*** MATERIAL PROVIDED

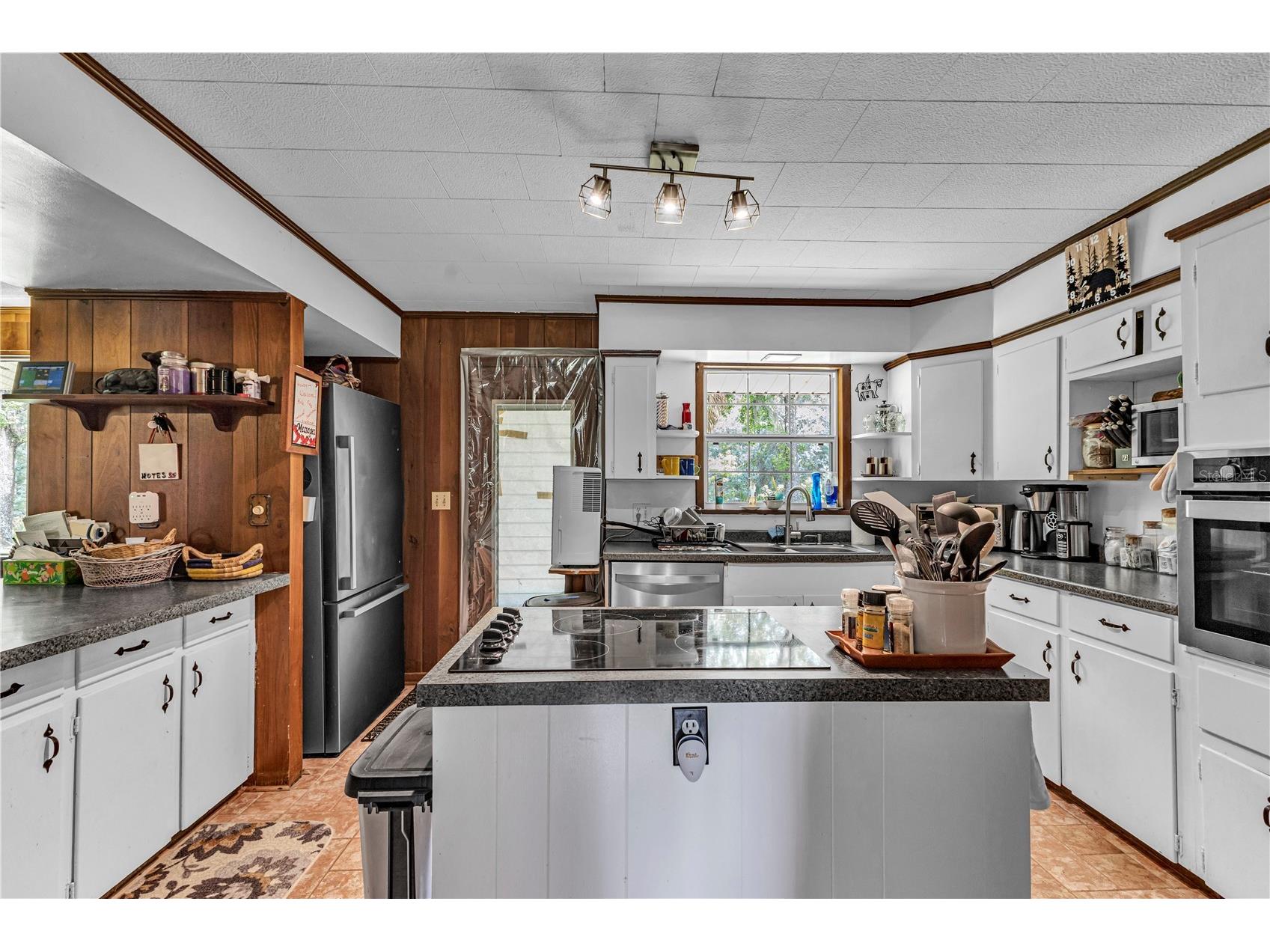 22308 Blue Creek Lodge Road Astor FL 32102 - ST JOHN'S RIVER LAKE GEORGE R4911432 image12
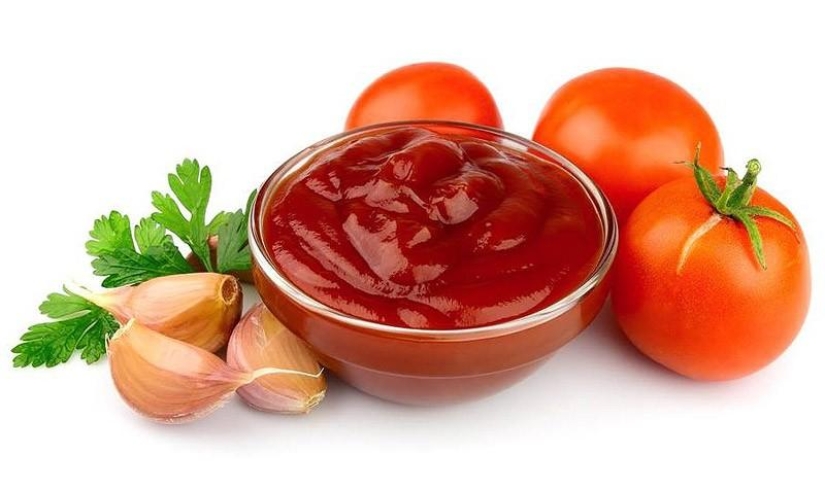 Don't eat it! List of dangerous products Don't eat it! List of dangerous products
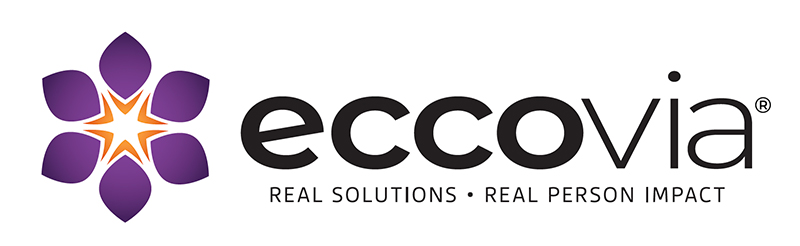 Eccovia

******

ASSIGNMENT ▸
Give back the data verbatim. The pictures are not part of the copy.

FINAL ANSWER ▸
 22308 Blue Creek Lodge Road Astor FL 32102 - ST JOHN'S RIVER LAKE GEORGE R4911432 image12
 Don't eat it! List of dangerous products Don't eat it! List of dangerous products
 Eccovia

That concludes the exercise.